One of the contemporary plays at the festival was MH12J16, from the Pune-based Prayog theatre group. Written by Vivek Bele and directed by Subodh Pande, the play won top honors at the Maharashtra State Marathi Theatre Festival, held earlier this year. It’s perhaps self-referential, as the protagonist was a young female playwright who was negotiating the cesspool of commercial theatre in Pune, while still attempting to hold on to her artistic integrity. The “play within the play” was a chamber piece exploring human relationships, and Pande effected a kind of forum for change, in which the playwright entered into communion with both her director and her audience. The latter is represented in the person of a woman in her 50s, who was ostensibly a member of commercial theatre’s most faithful demographic and sat at what is the most central spot in a standard issue auditorium — seat J16. The title was a portmanteau of that seat number, and MH12, the car registration designation for Pune. This window into the tropes of theatre-making also included social commentary, as the playwright was able to subvert the insidious hold her director had on her craft, by winning over a discerning audience.

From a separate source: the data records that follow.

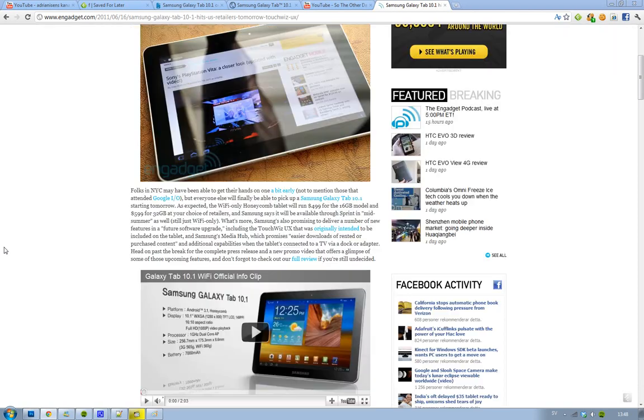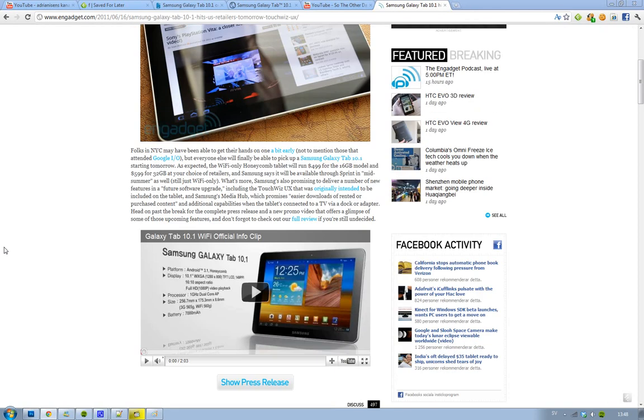If you want to go ahead and watch the official clip and the official video from Samsung where they show it off and preview all the good stuff and all those nice things, then I will provide that video in the description. So yeah, see you.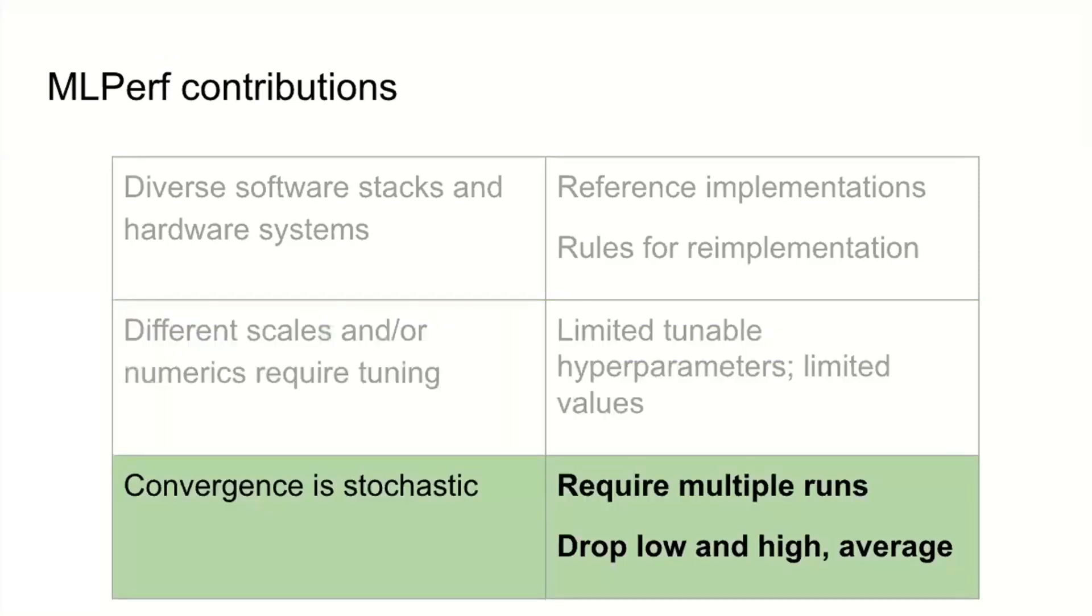The last problem is that convergence is stochastic. We solved that by requiring multiple runs and using what Christine coined Olympic scoring, which is you drop the low, you drop the high, and take the average of the remaining scores. This produces a pretty reasonable level of variance. It's around plus or minus 2.5% for well behaved imaging things and around plus or minus 5% for less well behaved language, RL, and recommendation type tasks. We adjust the number of runs to get within those windows.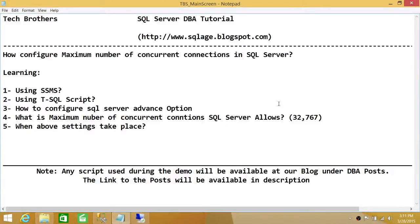Welcome to Tech Brothers. In this video we're going to learn how to configure the maximum number of concurrent connections in SQL Server — meaning how many user sessions or connections can stay connected in SQL Server. Depending on your configuration, you can configure SQL Server to limit how many connections it can have at a time.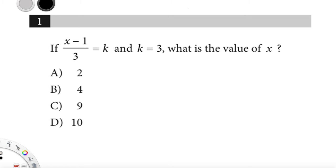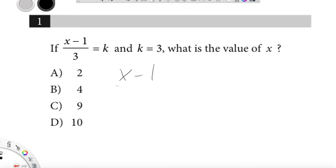So let's substitute 3 for k. Instead of putting k in the original equation, I'm going to put 3 instead. So x minus 1 over 3 equals 3.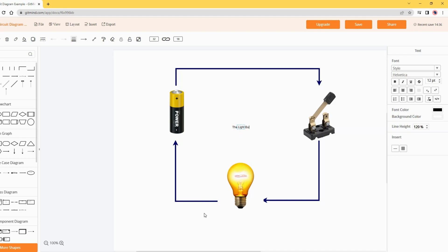Moreover, you can add text in the template. Modify font style, color, and size.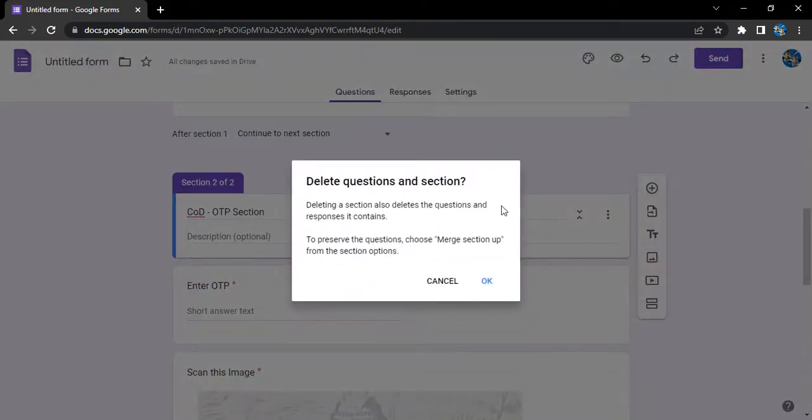All the questions related with that section will also be deleted. So Google Forms creates a prompt to make sure that we want to delete the questions as well as the section. In case you don't want that, you can simply merge the questions into the above section and not delete them. What happens is the section will be removed but the questions will remain.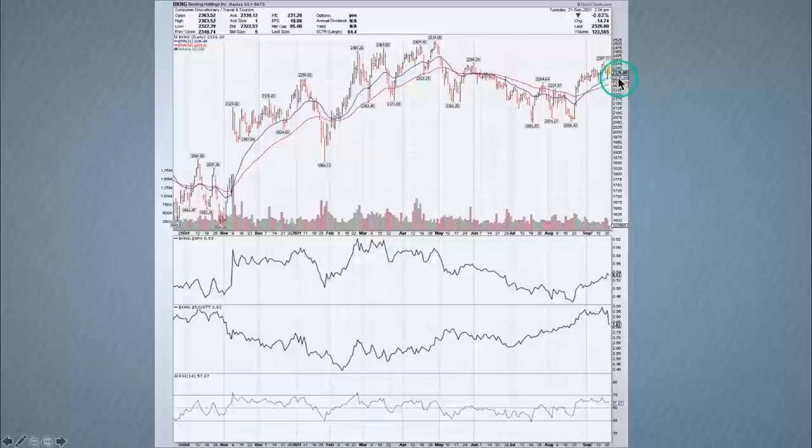Mailbag question two: a viewer saw someone add a date range in addition to the price chart lower down and wants to know how. Dave demonstrates using the GLD chart with RSI and gold as panels. There's an indicator called 'Date/Time Axis' — you add that indicator and move it to wherever you want it between panels. It repeats the date axis and helps break up charts with many indicators, keeping dates visible. It's called 'Date/Time Axis' in the indicator list.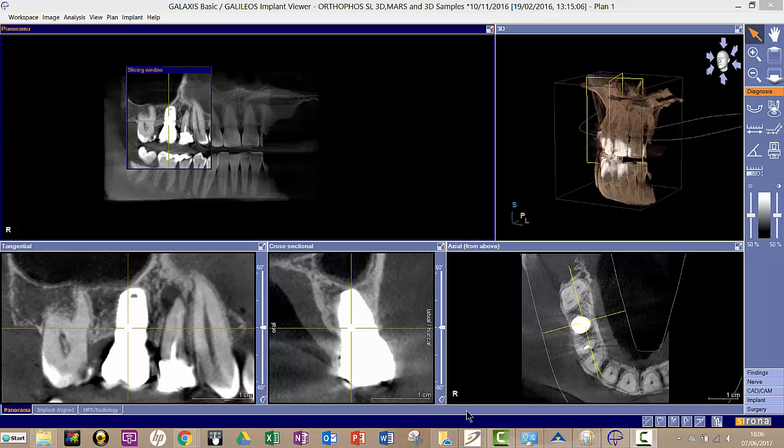This very short video is to show you how to export a 3D CBCT scan from your Sodexis software so that you can put it on a viewing disc or save it to a memory stick.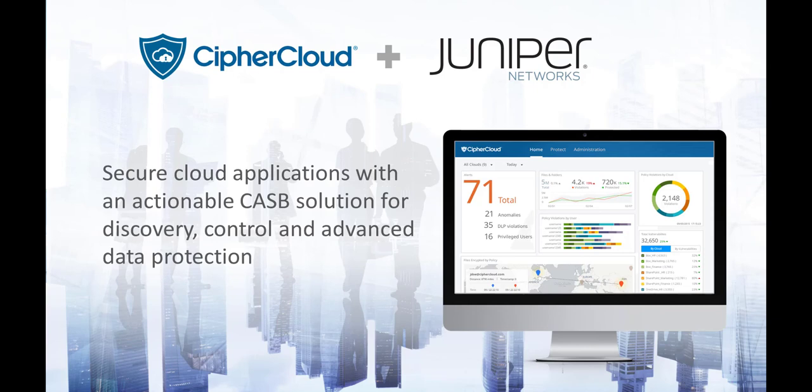That's a short overview of our integration with Juniper SRX. Thanks a lot.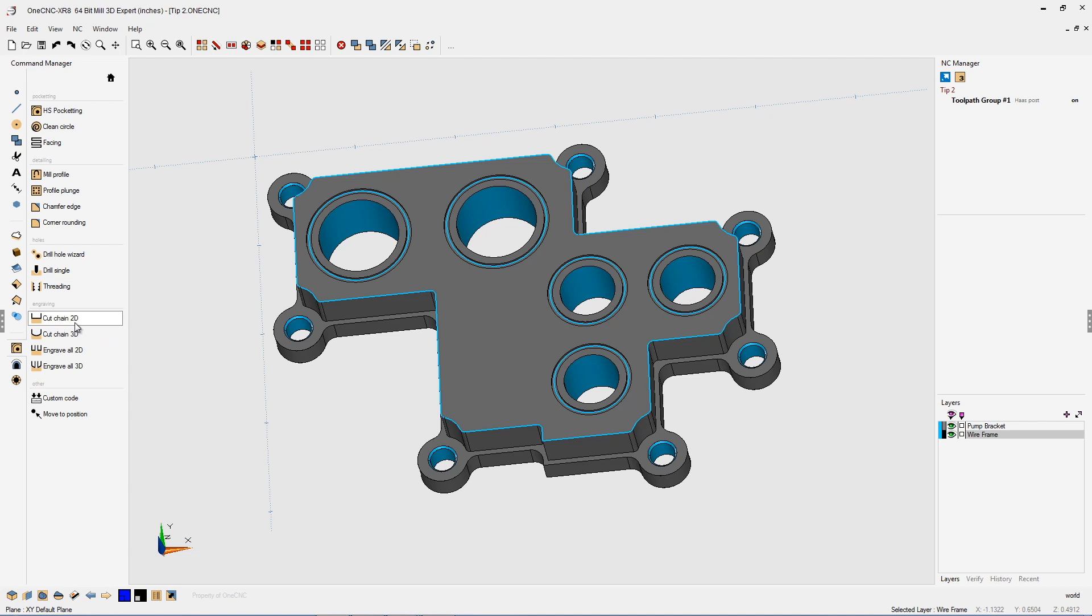Well for the cut chain 2D command, you're really only allowed to select one set of geometry or one geometry selection. Let me demonstrate.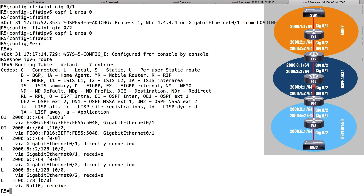There's another option. We can use the address family approach to configuration. If you're familiar with named EIGRP configuration, this is very similar. With the address family approach, we get to create one OSPF instance, and that instance can have multiple families underneath it — one family for IPv4 routing and another for IPv6 routing. It's going to be a lot easier to interpret because we've got one hierarchical structure containing both routing processes.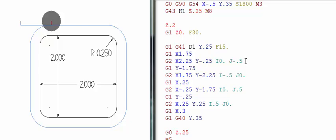On most machines it only understands I's and J's instead of the R value. Thank you for watching and we'll see you in the next video.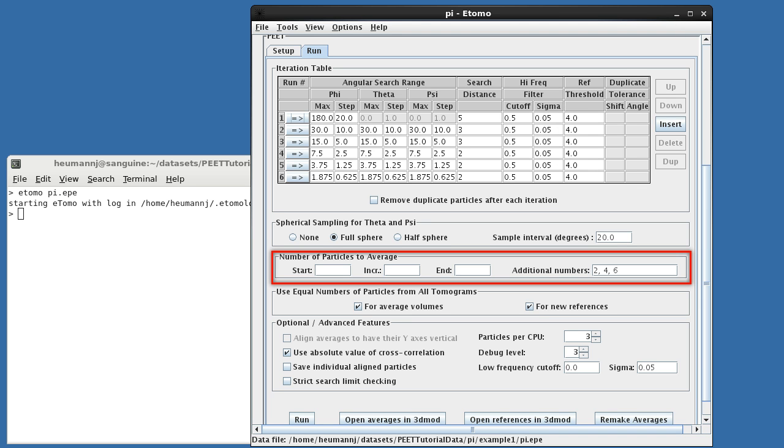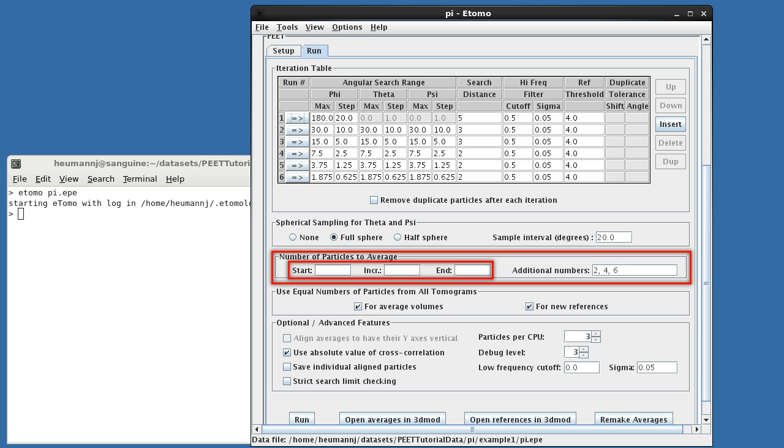Next, we need to specify the number of particles to be averaged when alignment is complete. Here, we've chosen to create averages with two, four, and six particles. We could have achieved the same result by specifying two, two, and six as start, increment, and end, respectively. Start, increment, and end can also be used simultaneously with additional numbers, as long as the latter are monotonically increasing and greater than end.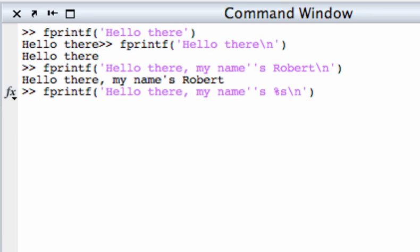This is going to tell MATLAB and fprintf in particular to make sort of a blank or a slot for a string variable that's why I use the letter s after the % mark and at the end of the fprintf after I've closed off the quote I have to pass another argument namely the variable that I'm going to plug into that %s place.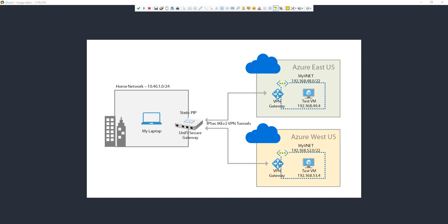Hello everyone. In this video I'm going to be showing you how to create a VPN tunnel between Microsoft Azure and Unify Secure Gateway. In my house I have all Ubiquiti equipment — a Unify Secure Gateway, switches, Wi-Fi access points, etc. I'm going to be showing you how I made my VPN tunnels easier using my Unify Secure Gateway with my Azure networks in East US.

Also in the itinerary was Rujuta Productions’ Ek Shoonya Teen, dubbed a “feminist murder mystery.” Loosely adapted from Stieg Larsson’s The Girl With The Dragon Tattoo, the play was directed by Sudeep Modak and Neeraj Shirvaikar, and concerned itself with the disappearance of a young woman some 20 years back, while foregrounding a motley crew of “interested parties” who threw themselves into solving the whodunit. Adapted by Modak, the play operated as an indictment of Hindu patriarchy, and Swanandi Tikekar created an unusual leading lady in the path-breaking mold of Larsson’s Lisbeth Salander, so memorably essayed by Rooney Mara.

Rounding up the selection were two more plays. Hey Ram depicted the Bohada mask festival held in Thane and Nashik during Ram Navami. It was based on a story by Sadanand Deshmukh, adapted for the stage by director Ram Daund, for the Vijigisha Foundation. The opening play, Mumbaiche Kawale, was a satire written by Shafaat Khan 40 years ago, and was among his most translated works. Presented by Awishkar Theatre, and directed by Priydarshan Jadhav, the farce unfolded in a village reeling from the effects of a natural calamity, that wiped out homes and livelihoods, but not the differences of dogma.